"And when Finn reappeared, he was an old, old man, as old as a man may feel when his lady's attention wanders."

Joan colored and laughed, her eyes faintly mischievous, wholly apologetic.

"Finn's youth," Kenny gallantly assured her, "was restored to him by magic and surely there is magic in a woman's smile."

They motored on in a silence that Kenny found depressing. When would Arcady come again, he wondered rebelliously, wistful for the sparkle of that other summer when fairies, silver-shod, had danced upon the moonlit lake. The strain of worry had tired them both.

The wind swept coolly toward them sweet with pine. Wind and pine up here were always mingling. A night—a moon for lovers! The clasp of his arm tightened.

The peace of the night was insistent.
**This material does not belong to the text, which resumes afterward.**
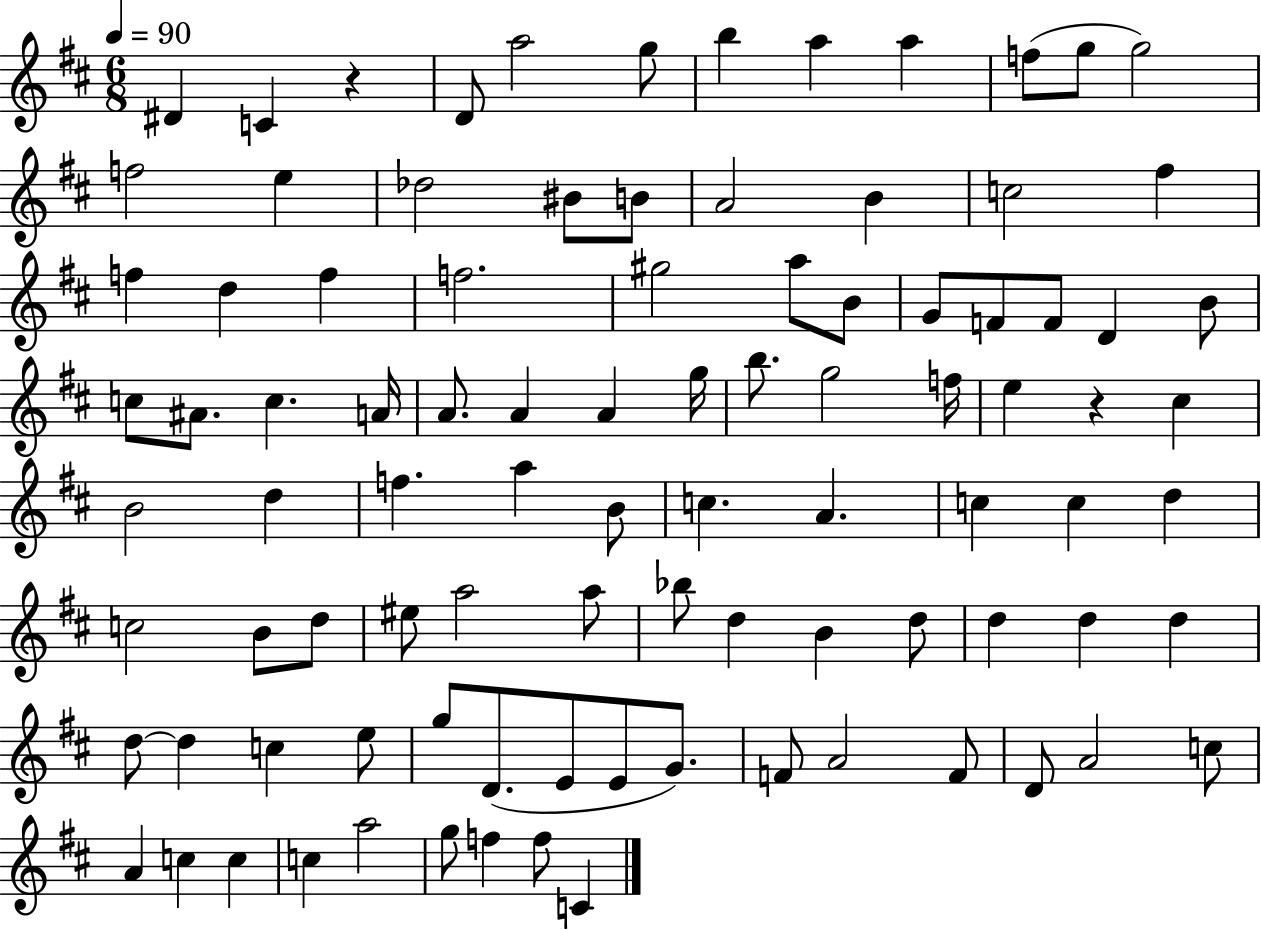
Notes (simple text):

After all with worry at an end Arcady might not lie so very far away—it was creeping into his heart, sweet with the music of many trees. Joan too perhaps—he stole a glance at the girl's face, colorless in the moonlight like some soft, exquisite flower—and drew up the emergency brake with a jerk. Her lashes were wet.

"Joan," he exclaimed, "you're not crying!"

She tried to smile and buried her face on his shoulder.

"I think," she said forlornly, "it—it's just because everything has turned out so—so nicely."

He motored homeward, ill at ease, aware after a time that the girl cradled in his arm had fallen asleep. Her tears worried him.